▸ **DATA LISTING**
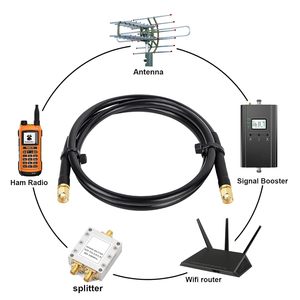 SMA nam-to-nam RG58 RF cáp đồng trục 50ohm mở rộng tổn thất thấp cho Pigtail Ăng ten 3G 4G LTE GPS RF đài phát thanh Wifi ứng dụng - Product Image 3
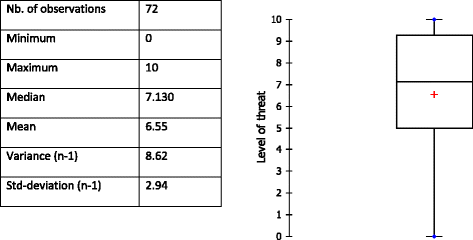 Fig. 7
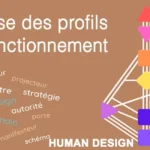 Analyse Post Human Design 800x430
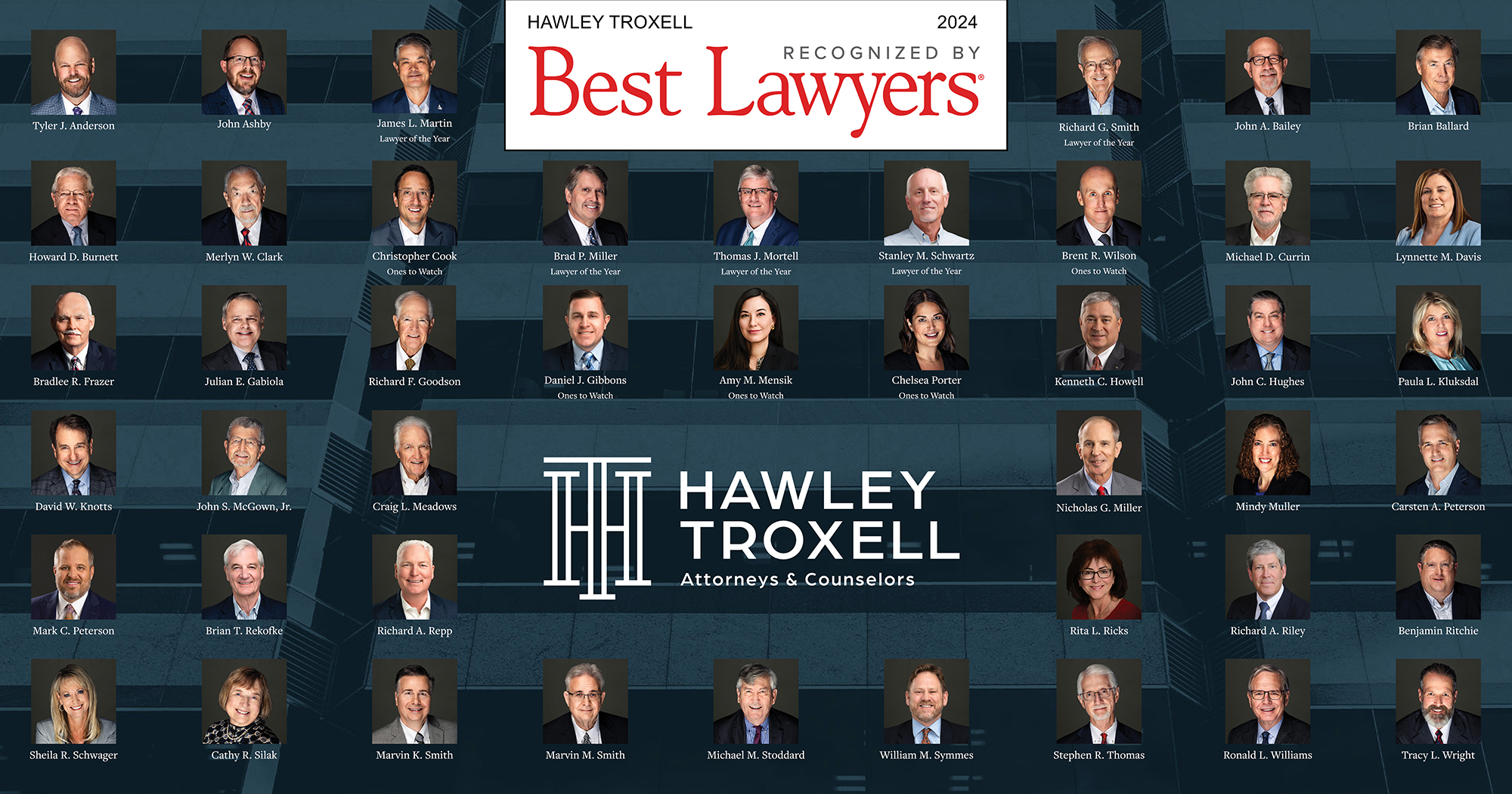 Hawley Troxell Attorneys named Best Lawyers® in 2024 Edition of Best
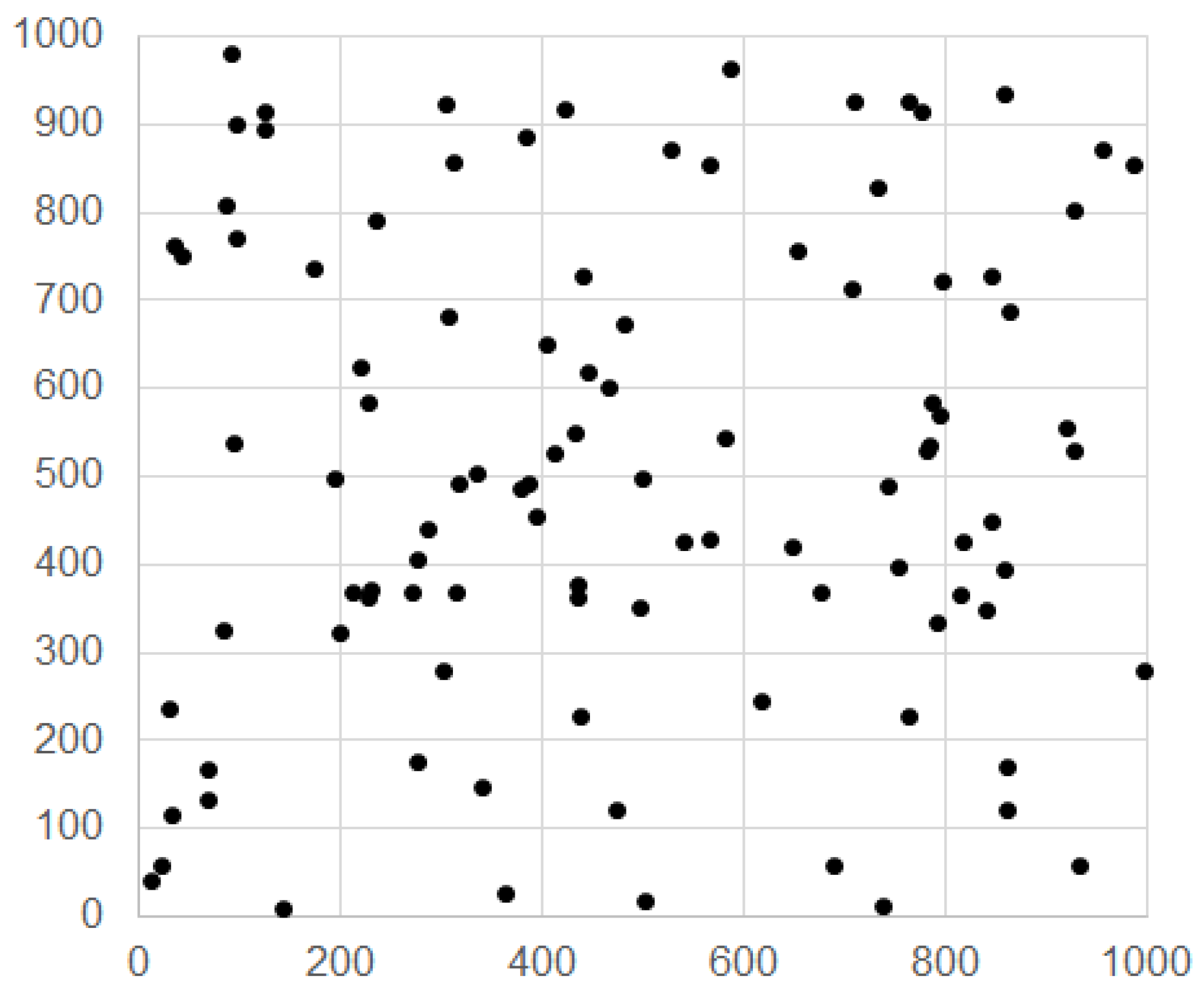 Futureinternet 12 00032 g005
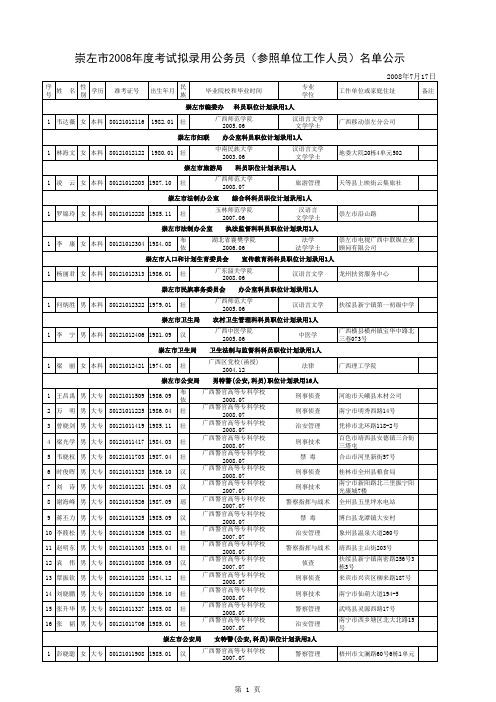 08年录用公务员公示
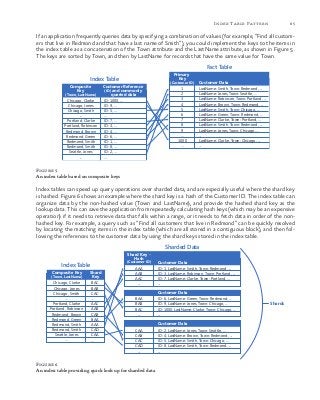 85Index Table Pattern
If an application frequently queries data by specifying a combination of values (for example, “Find all custom-
ers that live in Redmond and that have a last name of Smith”), you could implement the keys to the items in
the index table as a concatenation of the Town attribute and the LastName attribute, as shown in Figure 5.
The keys are sorted by Town, and then by LastName for records that have the same value for Town.
Chicago, Clarke
Chicago, Jones
Chicago, Smith
...
Portland, Clarke
Portland, Robinson
Redmond, Brown
Redmond, Green
Redmond, Smith
Redmond, Smith
Seattle, Jones
...
ID: 1000, ...
ID: 9, ...
ID: 5, ...
...
ID: 7, ...
ID: 3, ...
ID: 4, ...
ID: 6, ...
ID: 1, ...
ID: 8, ...
ID: 2, ...
...
Composite
Key
(Town, LastName)
Customer Reference
(ID) and commonly
queried data
Index Table
1
2
3
4
5
6
7
8
9
...
1000
...
LastName: Smith, Town: Redmond, ...
LastName: Jones, Town: Seattle, ...
LastName: Robinson, Town: Portland, ...
LastName: Brown, Town: Redmond, ...
LastName: Smith, Town: Chicago, ...
LastName: Green, Town: Redmond, ...
LastName: Clarke, Town: Portland, ...
LastName: Smith, Town: Redmond, ...
LastName: Jones, Town: Chicago, ...
...
LastName: Clarke, Town: Chicago, ...
...
Primary
Key
(Customer ID) Customer Data
Fact Table
Figure 5
An index table based on composite keys
Index tables can speed up query operations over sharded data, and are especially useful where the shard key
is hashed. Figure 6 shows an example where the shard key is a hash of the Customer ID. The index table can
organize data by the non-hashed value (Town and LastName), and provide the hashed shard key as the
lookup data. This can save the application from repeatedly calculating hash keys (which may be an expensive
operation) if it needs to retrieve data that falls within a range, or it needs to fetch data in order of the non-
hashed key. For example, a query such as “Find all customers that live in Redmond” can be quickly resolved
by locating the matching items in the index table (which are all stored in a contiguous block), and then fol-
lowing the references to the customer data by using the shard keys stored in the index table.
AAA
AAB
AAC
...
ID: 1, LastName: Smith, Town: Redmond, ...
ID: 3, LastName: Robinson, Town: Portland, ...
ID: 7, LastName: Clarke, Town: Portland, ...
...
Shard Key -
Hash
(Customer ID) Customer Data
CAA
CAB
CAC
CAD
...
ID: 2, LastName: Jones, Town: Seattle, ...
ID: 4, LastName: Brown, Town: Redmond, ...
ID: 5, LastName: Smith, Town: Chicago, ...
ID: 8, LastName: Smith, Town: Redmond, ...
...
Customer Data
BAA
BAB
BAC
...
ID: 6, LastName: Green, Town: Redmond, ...
ID: 9, LastName: Jones, Town: Chicago, ...
ID: 1000, LastName: Clarke, Town: Chicago, ...
...
Customer Data
Shards
Chicago, Clarke
Chicago, Jones
Chicago, Smith
...
Portland, Clarke
Portland, Robinson
Redmond, Brown
Redmond, Green
Redmond, Smith
Redmond, Smith
Seattle, Jones
...
BAC
BAB
CAC
...
AAC
AAB
CAB
BAA
AAA
CAD
CAA
...
Composite Key
(Town, LastName)
Shard
Key
Index Table
Sharded Data
Figure 6
An index table providing quick look up for sharded data
 
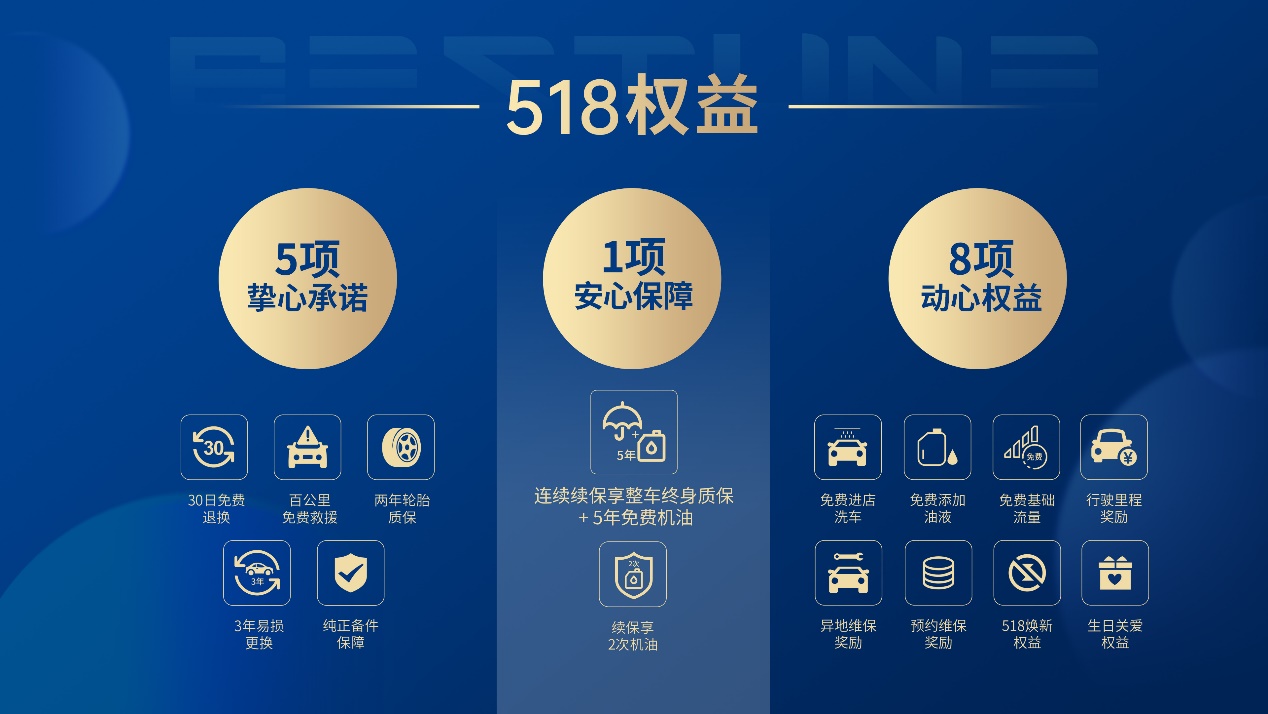 国民神车再创销量传奇,国民好车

▸ **WORK INSTRUCTIONS**
Repeat the records above exactly, omitting every picture.

▸ **ANSWER FOR THIS EXERCISE**
 SMA nam-to-nam RG58 RF cáp đồng trục 50ohm mở rộng tổn thất thấp cho Pigtail Ăng ten 3G 4G LTE GPS RF đài phát thanh Wifi ứng dụng - Product Image 3
 Fig. 7
 Analyse Post Human Design 800x430
 Hawley Troxell Attorneys named Best Lawyers® in 2024 Edition of Best
 Futureinternet 12 00032 g005
 08年录用公务员公示
 85Index Table Pattern
If an application frequently queries data by specifying a combination of values (for example, “Find all custom-
ers that live in Redmond and that have a last name of Smith”), you could implement the keys to the items in
the index table as a concatenation of the Town attribute and the LastName attribute, as shown in Figure 5.
The keys are sorted by Town, and then by LastName for records that have the same value for Town.
Chicago, Clarke
Chicago, Jones
Chicago, Smith
...
Portland, Clarke
Portland, Robinson
Redmond, Brown
Redmond, Green
Redmond, Smith
Redmond, Smith
Seattle, Jones
...
ID: 1000, ...
ID: 9, ...
ID: 5, ...
...
ID: 7, ...
ID: 3, ...
ID: 4, ...
ID: 6, ...
ID: 1, ...
ID: 8, ...
ID: 2, ...
...
Composite
Key
(Town, LastName)
Customer Reference
(ID) and commonly
queried data
Index Table
1
2
3
4
5
6
7
8
9
...
1000
...
LastName: Smith, Town: Redmond, ...
LastName: Jones, Town: Seattle, ...
LastName: Robinson, Town: Portland, ...
LastName: Brown, Town: Redmond, ...
LastName: Smith, Town: Chicago, ...
LastName: Green, Town: Redmond, ...
LastName: Clarke, Town: Portland, ...
LastName: Smith, Town: Redmond, ...
LastName: Jones, Town: Chicago, ...
...
LastName: Clarke, Town: Chicago, ...
...
Primary
Key
(Customer ID) Customer Data
Fact Table
Figure 5
An index table based on composite keys
Index tables can speed up query operations over sharded data, and are especially useful where the shard key
is hashed. Figure 6 shows an example where the shard key is a hash of the Customer ID. The index table can
organize data by the non-hashed value (Town and LastName), and provide the hashed shard key as the
lookup data. This can save the application from repeatedly calculating hash keys (which may be an expensive
operation) if it needs to retrieve data that falls within a range, or it needs to fetch data in order of the non-
hashed key. For example, a query such as “Find all customers that live in Redmond” can be quickly resolved
by locating the matching items in the index table (which are all stored in a contiguous block), and then fol-
lowing the references to the customer data by using the shard keys stored in the index table.
AAA
AAB
AAC
...
ID: 1, LastName: Smith, Town: Redmond, ...
ID: 3, LastName: Robinson, Town: Portland, ...
ID: 7, LastName: Clarke, Town: Portland, ...
...
Shard Key -
Hash
(Customer ID) Customer Data
CAA
CAB
CAC
CAD
...
ID: 2, LastName: Jones, Town: Seattle, ...
ID: 4, LastName: Brown, Town: Redmond, ...
ID: 5, LastName: Smith, Town: Chicago, ...
ID: 8, LastName: Smith, Town: Redmond, ...
...
Customer Data
BAA
BAB
BAC
...
ID: 6, LastName: Green, Town: Redmond, ...
ID: 9, LastName: Jones, Town: Chicago, ...
ID: 1000, LastName: Clarke, Town: Chicago, ...
...
Customer Data
Shards
Chicago, Clarke
Chicago, Jones
Chicago, Smith
...
Portland, Clarke
Portland, Robinson
Redmond, Brown
Redmond, Green
Redmond, Smith
Redmond, Smith
Seattle, Jones
...
BAC
BAB
CAC
...
AAC
AAB
CAB
BAA
AAA
CAD
CAA
...
Composite Key
(Town, LastName)
Shard
Key
Index Table
Sharded Data
Figure 6
An index table providing quick look up for sharded data
 
 国民神车再创销量传奇,国民好车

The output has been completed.